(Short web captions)
-------------------------

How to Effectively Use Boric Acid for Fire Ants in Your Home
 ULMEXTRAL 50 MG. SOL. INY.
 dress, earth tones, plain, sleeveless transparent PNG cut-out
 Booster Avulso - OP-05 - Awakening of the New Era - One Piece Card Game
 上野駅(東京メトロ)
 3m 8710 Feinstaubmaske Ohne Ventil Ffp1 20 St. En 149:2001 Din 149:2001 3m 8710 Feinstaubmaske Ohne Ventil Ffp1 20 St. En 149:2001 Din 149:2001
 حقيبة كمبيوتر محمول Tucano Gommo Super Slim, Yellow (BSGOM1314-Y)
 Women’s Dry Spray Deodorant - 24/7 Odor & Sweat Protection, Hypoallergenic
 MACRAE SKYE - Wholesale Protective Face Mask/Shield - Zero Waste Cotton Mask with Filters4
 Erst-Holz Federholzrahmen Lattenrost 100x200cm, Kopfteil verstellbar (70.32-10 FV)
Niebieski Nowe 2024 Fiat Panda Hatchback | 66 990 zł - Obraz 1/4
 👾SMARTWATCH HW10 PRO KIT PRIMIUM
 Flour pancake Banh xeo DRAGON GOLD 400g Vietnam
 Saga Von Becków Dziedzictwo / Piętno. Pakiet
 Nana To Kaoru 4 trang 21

-------------------------

Every record above is to be transcribed exactly as written.

How to Effectively Use Boric Acid for Fire Ants in Your Home
 ULMEXTRAL 50 MG. SOL. INY.
 dress, earth tones, plain, sleeveless transparent PNG cut-out
 Booster Avulso - OP-05 - Awakening of the New Era - One Piece Card Game
 上野駅(東京メトロ)
 3m 8710 Feinstaubmaske Ohne Ventil Ffp1 20 St. En 149:2001 Din 149:2001 3m 8710 Feinstaubmaske Ohne Ventil Ffp1 20 St. En 149:2001 Din 149:2001
 حقيبة كمبيوتر محمول Tucano Gommo Super Slim, Yellow (BSGOM1314-Y)
 Women’s Dry Spray Deodorant - 24/7 Odor & Sweat Protection, Hypoallergenic
 MACRAE SKYE - Wholesale Protective Face Mask/Shield - Zero Waste Cotton Mask with Filters4
 Erst-Holz Federholzrahmen Lattenrost 100x200cm, Kopfteil verstellbar (70.32-10 FV)
Niebieski Nowe 2024 Fiat Panda Hatchback | 66 990 zł - Obraz 1/4
 👾SMARTWATCH HW10 PRO KIT PRIMIUM
 Flour pancake Banh xeo DRAGON GOLD 400g Vietnam
 Saga Von Becków Dziedzictwo / Piętno. Pakiet
 Nana To Kaoru 4 trang 21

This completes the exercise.